Maura bisa merasakan tubuh Dave menegang ketika tangannya meraba perut.
"Hentikan!" Dave mendorong tubuh Maura menggunakan tangan kanan hingga ciumannya terlepas, sedangkan tangan kirinya menahan tangan wanita itu. Mau tidak mau Maura memberi sedikit jarak di antara mereka. "Jangan bermain-main!" sentak Dave.
Maura sedikit tersipu, malu karena tingkahnya sendiri. Ia enggan disebut sebagai jalang, tetapi tingkahnya berkhianat.
"Kita bisa menyelesaikan segala hal dengan cara ini!" Maura kembali mendekatkan wajahnya, tetapi Dave masih sigap menahan.
Walau sebenarnya enggan, ia menuruti gerakan tangan Dave yang akan memindahkannya ke kursi sebelah, tempatnya duduk tadi.
Dave merapikan jas dan kemejanya yang berantakan seraya berkata, "Aku bukan Pak Marvel. Jangan menganggap aku sama sepertinya!" Ia mengulang kalimatnya, dengan sangat jelas.
Maura mencebikkan bibirnya, kesal. Ia tidak pernah ditolak dalam hal seperti ini, Marvel selalu menyambutnya walau sedang tidak dalam mood yang baik.
Ah, tentu saja. Orang di sampingnya ini bukan si bajingan Marvel!
"Lalu bagaimana? Kamu akan menyerahkanku?" tanya Maura hati-hati. Pasrah ketika pria itu kembali pada kebiasaannya yang irit bicara, dan melajukan mobil entah membawanya ke mana. Pun, kemungkinan besar ia sudah tahu jawabannya.
***
Marvel mengurungkan niatnya untuk pergi ke rumah Jessica setelah mendapat telepon dari security kantor. Mereka menemukan CCTV yang bisa memperjelas keberadaan Maura. Ia nyaris murka setelah melihat rekaman itu.
Di sana jelas sekali Dave membawa Maura dan orang lain yang ia yakini sebagai salah satu karyawannya. Isi kepalanya berkecamuk dipenuhi pikiran-pikiran buruk tentang asisten pribadinya dan orang kepercayaannya yang mungkin bersekongkol. Atau malah, mereka sudah menjalin hubungan sebelumnya?
Entahlah, kepala Marvel sakit memikirkannya.
Masih dengan kepala bersungut-sungut, Marvel mendial nomor Dave. Ia hampir membanting ponselnya karena panggilan tidak kunjung dijawab. Setelah beberapa detik menunggu, ia bisa mendengar gumaman di sebrang sana.

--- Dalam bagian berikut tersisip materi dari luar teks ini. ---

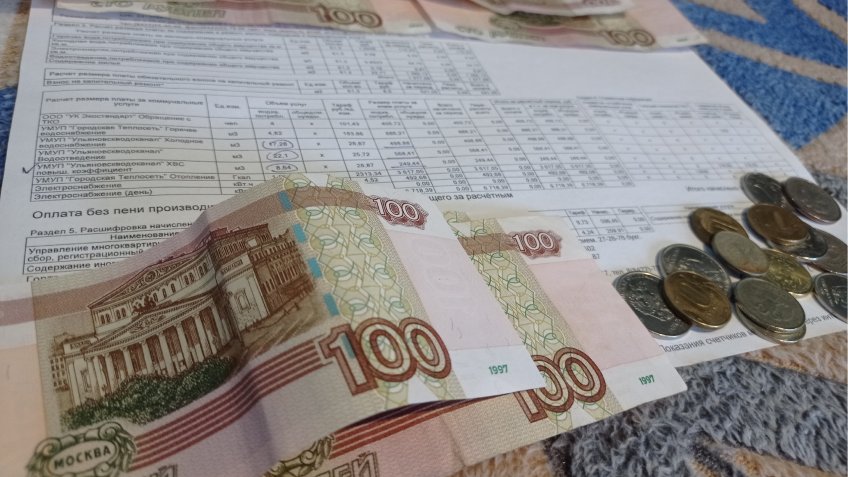 Фото: Mosaica.ru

“CCTV halte memperlihatkan dia masuk ke mobilmu!” desisnya, sedikit berteriak.
“Dia—” terdapat jeda cukup lama sebelum Dave melanjutkan, “dia sudah tidak bersamaku. Aku menurunkannya di—”
Tut!
Panggilan terputus.
Marvel melihat layar ponselnya. Terdapat notifikasi "panggilan diakhiri" di sana. Apa-apaan ini, orang yang ia percaya lebih dari tuhannya sendiri berani mempermainkannya?
"Sam!" teriaknya. Seorang pria bertubuh kekar bak binaragawan masuk ke dalam ruang scurity. "Cari tahu keberadaan Dave. Beri dia pelajaran, tapi jangan sampai mati!"
"T-tapi, Pak. Saya menemukan sesuatu ...." Sam memperlihatkan layar ponselnya.
"Dasar jalang!" murka Marvel setelah melihat layar itu.